[Short text fragments from websites]
%%

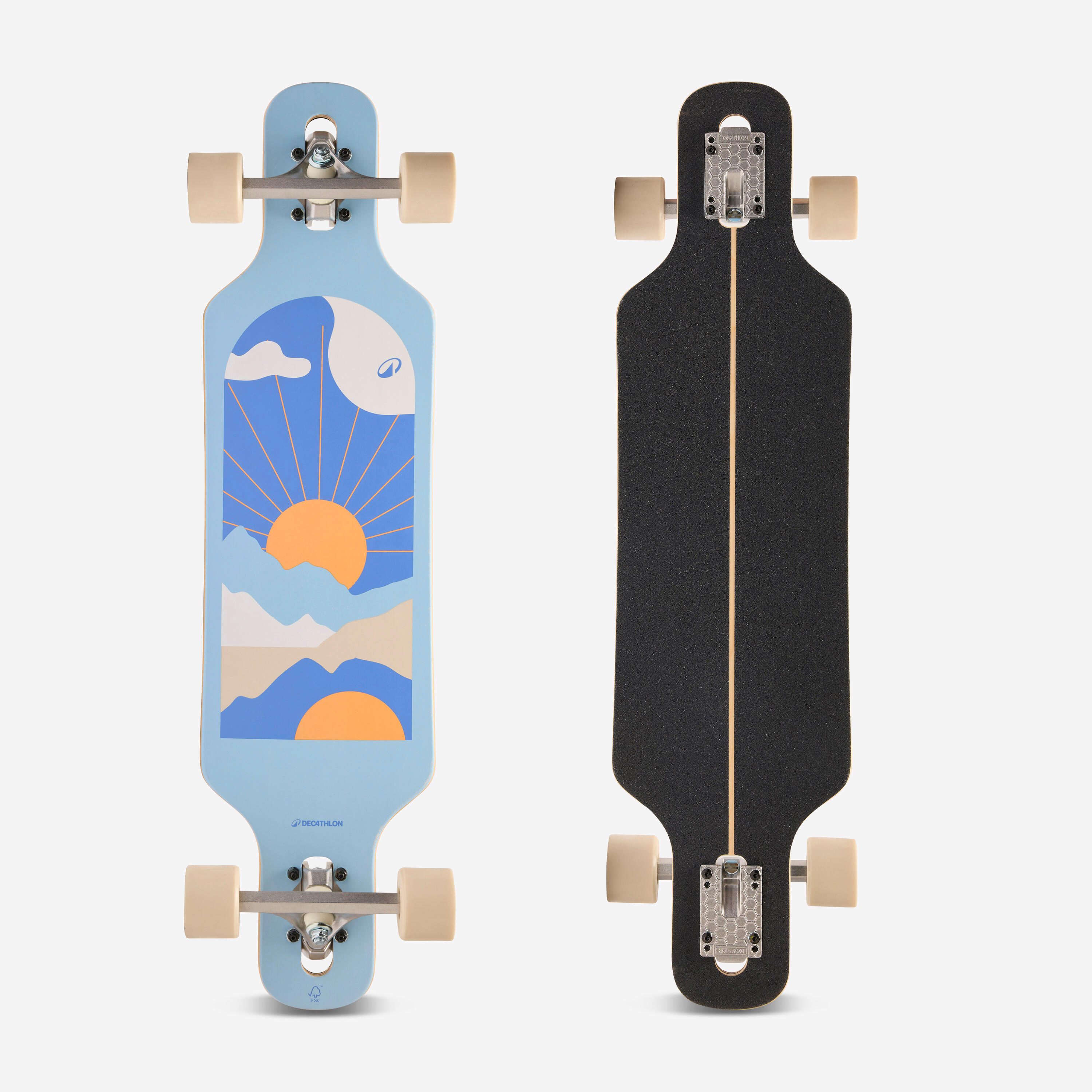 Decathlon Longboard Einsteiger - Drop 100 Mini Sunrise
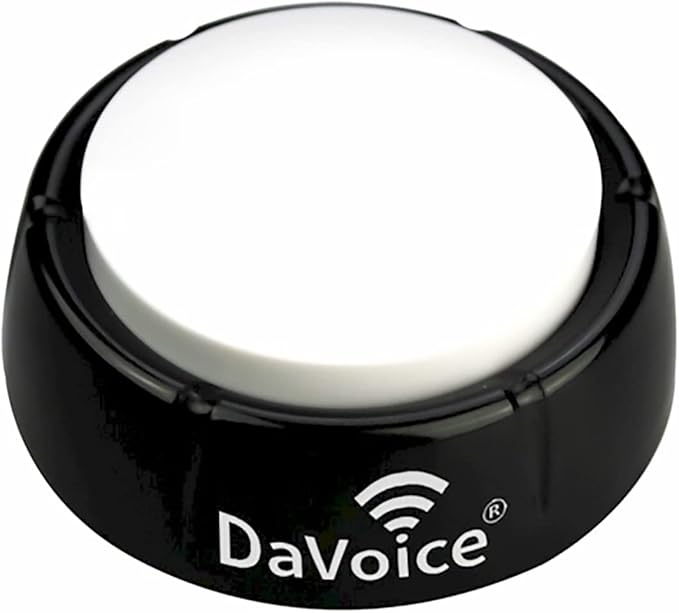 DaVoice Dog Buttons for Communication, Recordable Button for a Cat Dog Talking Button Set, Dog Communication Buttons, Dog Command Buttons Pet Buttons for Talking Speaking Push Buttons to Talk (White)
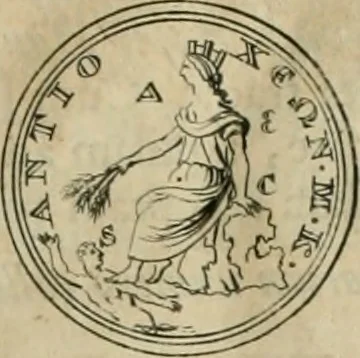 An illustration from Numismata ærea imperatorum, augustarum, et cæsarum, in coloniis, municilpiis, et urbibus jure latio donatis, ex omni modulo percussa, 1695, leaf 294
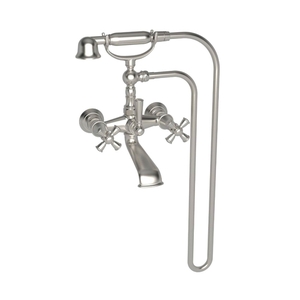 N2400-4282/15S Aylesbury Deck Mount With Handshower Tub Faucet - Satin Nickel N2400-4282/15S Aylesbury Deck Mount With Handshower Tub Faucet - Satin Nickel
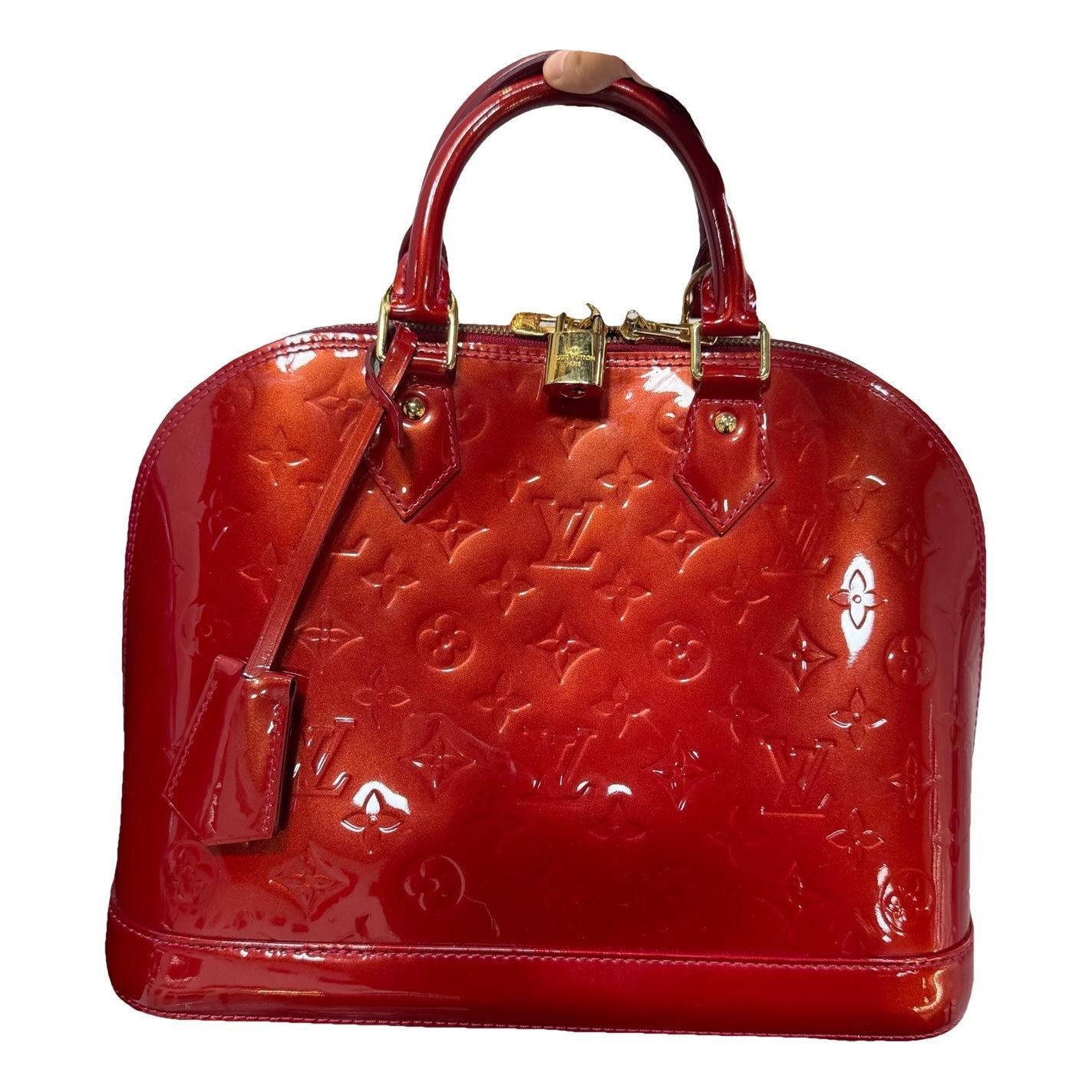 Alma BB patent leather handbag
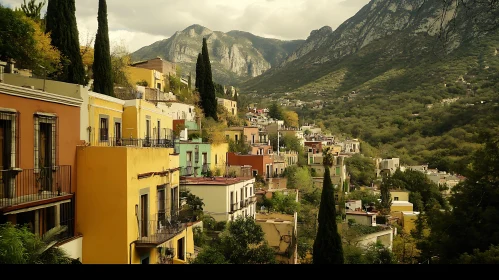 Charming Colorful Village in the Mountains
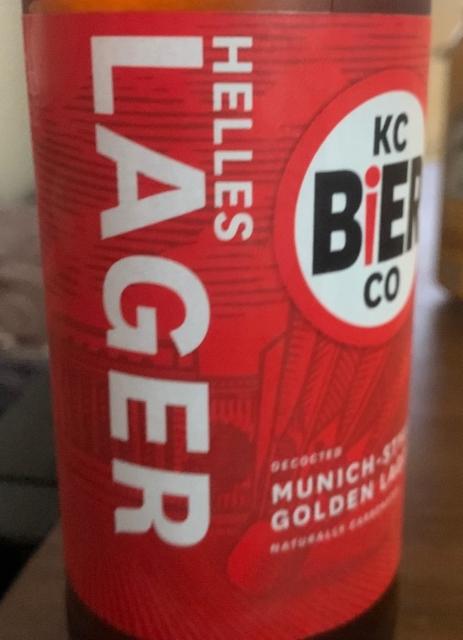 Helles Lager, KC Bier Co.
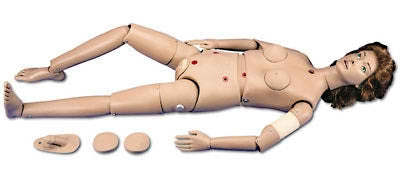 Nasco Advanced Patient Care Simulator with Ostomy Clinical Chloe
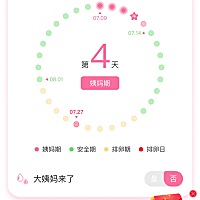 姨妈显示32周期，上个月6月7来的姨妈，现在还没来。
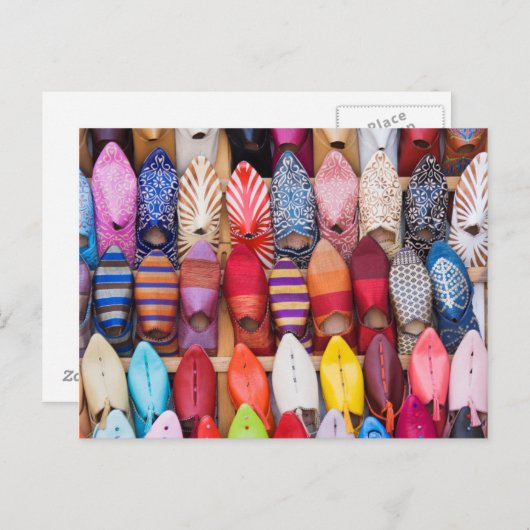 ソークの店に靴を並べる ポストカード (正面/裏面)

%%
%%

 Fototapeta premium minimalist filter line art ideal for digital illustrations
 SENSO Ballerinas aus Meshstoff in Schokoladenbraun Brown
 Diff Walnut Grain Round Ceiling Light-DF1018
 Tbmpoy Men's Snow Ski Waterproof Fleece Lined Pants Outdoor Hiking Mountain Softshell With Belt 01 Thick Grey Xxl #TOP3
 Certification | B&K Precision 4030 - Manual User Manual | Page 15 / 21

%%
%%

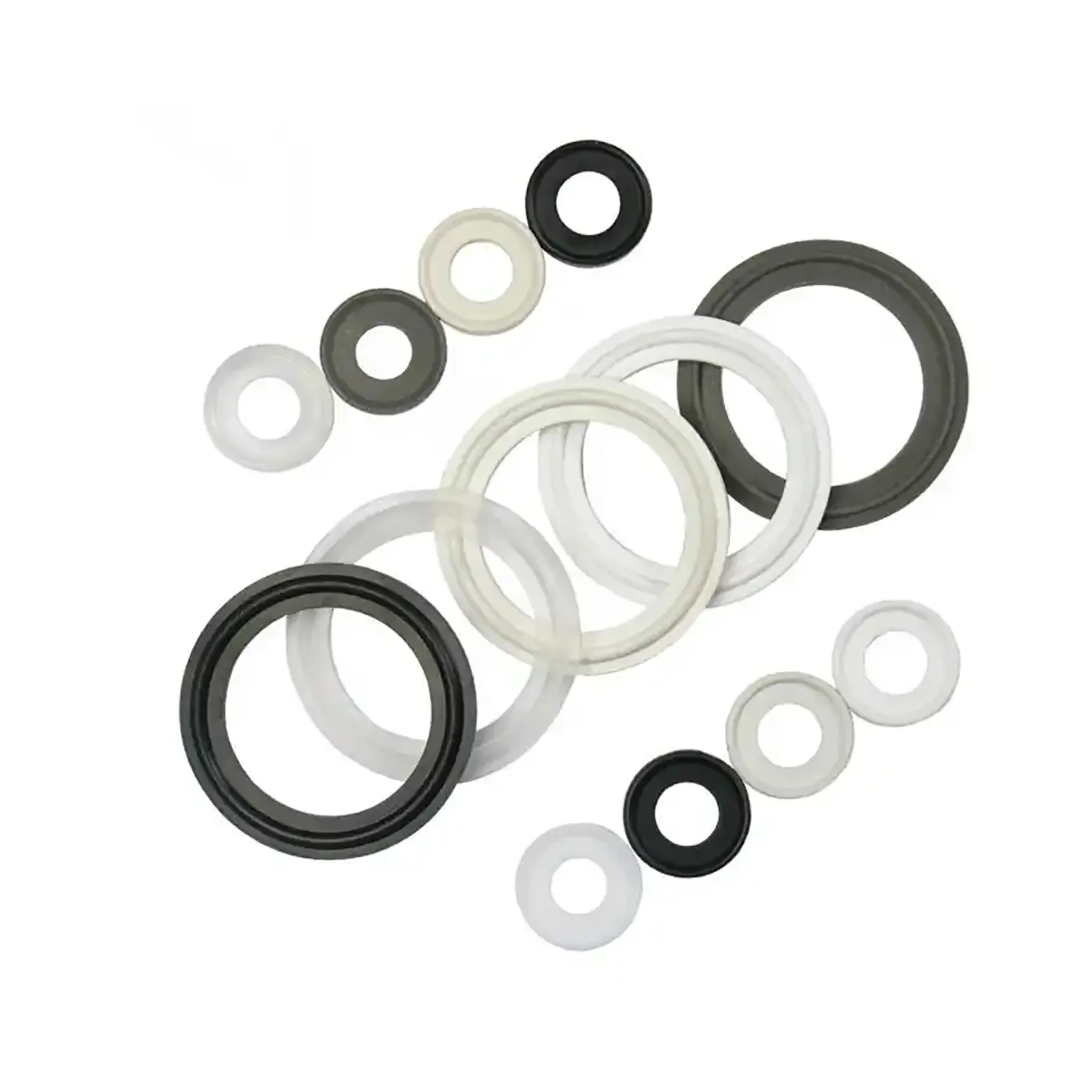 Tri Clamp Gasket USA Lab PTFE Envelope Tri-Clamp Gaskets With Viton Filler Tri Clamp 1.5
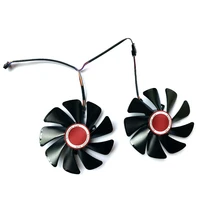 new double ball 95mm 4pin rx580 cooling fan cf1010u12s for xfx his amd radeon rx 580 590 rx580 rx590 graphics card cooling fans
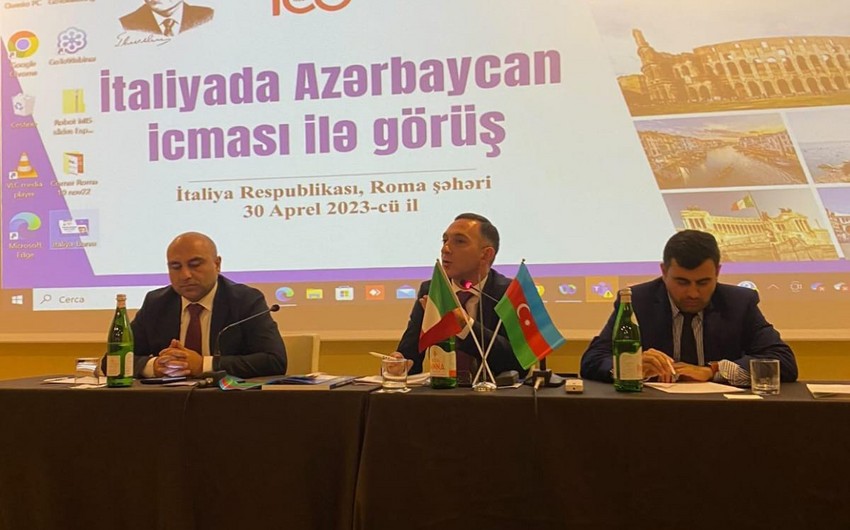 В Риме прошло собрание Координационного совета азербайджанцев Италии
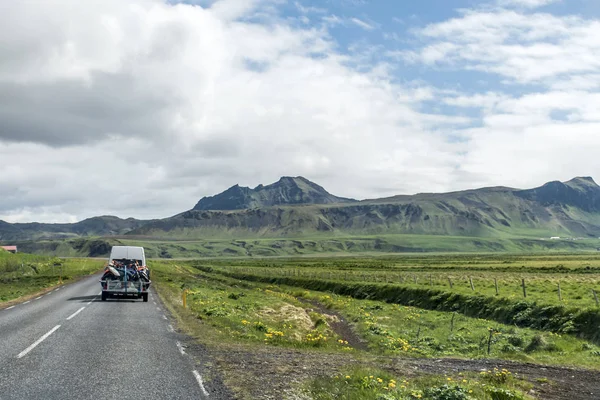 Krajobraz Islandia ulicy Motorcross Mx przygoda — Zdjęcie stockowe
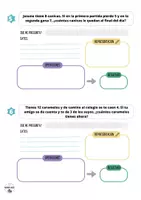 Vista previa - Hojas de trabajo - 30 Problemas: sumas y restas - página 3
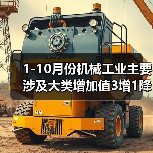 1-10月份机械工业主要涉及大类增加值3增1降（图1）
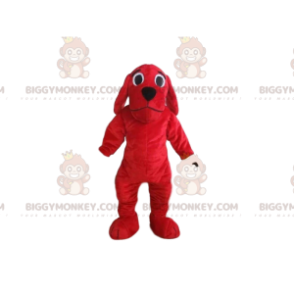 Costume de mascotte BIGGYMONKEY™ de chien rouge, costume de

%%

• **THE TASK**:
Pictures in the entries do not go into the copy. Print only the lines starting at the one containing "An illustration from" and ending at the one containing "ソークの店に靴を並べる ポストカード (正面/裏面)", exactly as they appear.

• **TASK SOLUTION**:
 An illustration from Numismata ærea imperatorum, augustarum, et cæsarum, in coloniis, municilpiis, et urbibus jure latio donatis, ex omni modulo percussa, 1695, leaf 294
 N2400-4282/15S Aylesbury Deck Mount With Handshower Tub Faucet - Satin Nickel N2400-4282/15S Aylesbury Deck Mount With Handshower Tub Faucet - Satin Nickel
 Alma BB patent leather handbag
 Charming Colorful Village in the Mountains
 Helles Lager, KC Bier Co.
 Nasco Advanced Patient Care Simulator with Ostomy Clinical Chloe
 姨妈显示32周期，上个月6月7来的姨妈，现在还没来。
 ソークの店に靴を並べる ポストカード (正面/裏面)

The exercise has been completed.